From brown ale to stout, and the new one is called Phases. "Barrel aged export stout" is the blurb and I decided to play Guess The Barrel. From the massive hit of sweet vanilla I reckoned bourbon, and I was correct. This is not a subtle affair, and tastes not so much like it was matured in whiskey barrels but rather that a couple of shots have been poured directly into the can. There's a raw oak quality to it, and a substantial alcohol burn, even at the relatively modest 7.8% ABV. An underlying seam of smooth chocolate rescues it, softening it and adding a degree of luxury. It's good, but I prefer a bit more nuance in this kind of beer. Hence I bought an additional can to put away for a while and it will be interesting to see how it develops.

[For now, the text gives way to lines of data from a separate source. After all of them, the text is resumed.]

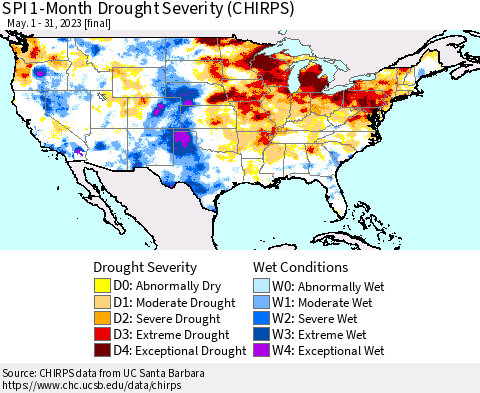 United States SPI 1-Month Drought Severity (CHIRPS) Thematic Map For 5/1/2023 - 5/31/2023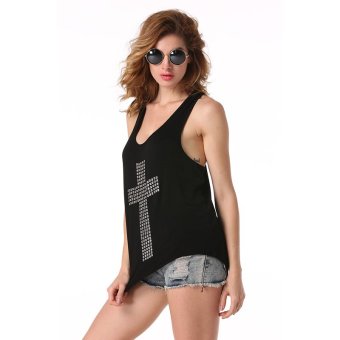 Supercart Women Sequined chiffon T-shirt Vest Tank ( Black )  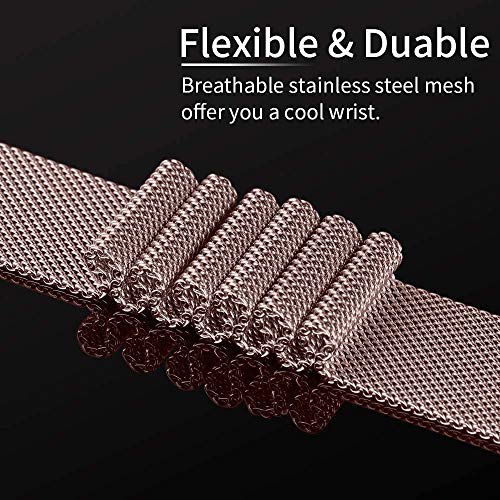 JOHIP Milanese Bands Compatible with Samsung Galaxy Watch 7 6 5 4 FE Band 40mm 44mm 45mm/Watch 6 4 Classic 4 42mm 46mm 43mm 47mm/Active 2, 20mm Stainless Steel Mesh Loop Sport Strap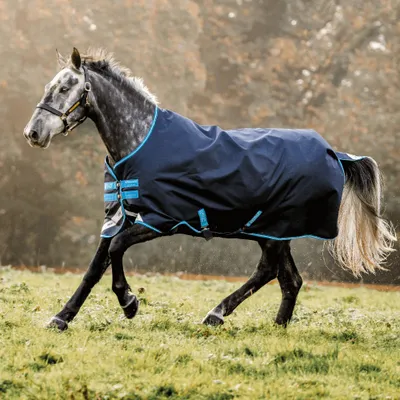 Produktbild von Horseware Amigo Bravo 12 50g Turnout Regendecke Navy/Turquoise, Horseware Deckengröße:160 cm / 7´0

The finisher is a whopper of a barley wine, Insulator, aged in port barrels and finishing at 14.8% ABV. It looked to be pouring flat at first, but a modest head formed gradually, a function of the beer's extreme viscosity. Still, it carries that well -- thickly textured but complex enough that you only need a sip at a time. The port side is very well represented, starting with the raisiny aroma which also includes a hint of chocolate but surprisingly little booze. In the flavour that turns to full-on red wine, possibly even a fortified one. There's an oaky dryness in with the sweet grape, leading on to a peppery finish. It's still definitely a beer though, with that sweet chocolate element running all through the flavour, plus rich bourbon biscuits and a very slight greenly bitter buzz of hops emerging as it warms. The Lineman signature is the balance: it's not hot or any way extremely flavoured. Instead this powerhouse is balanced and approachable; one to savour and explore.

One each of this lot makes for a very decent winter's night in. Despite appearances, they don't have much in common but complement each other nicely. A symphony in garnet.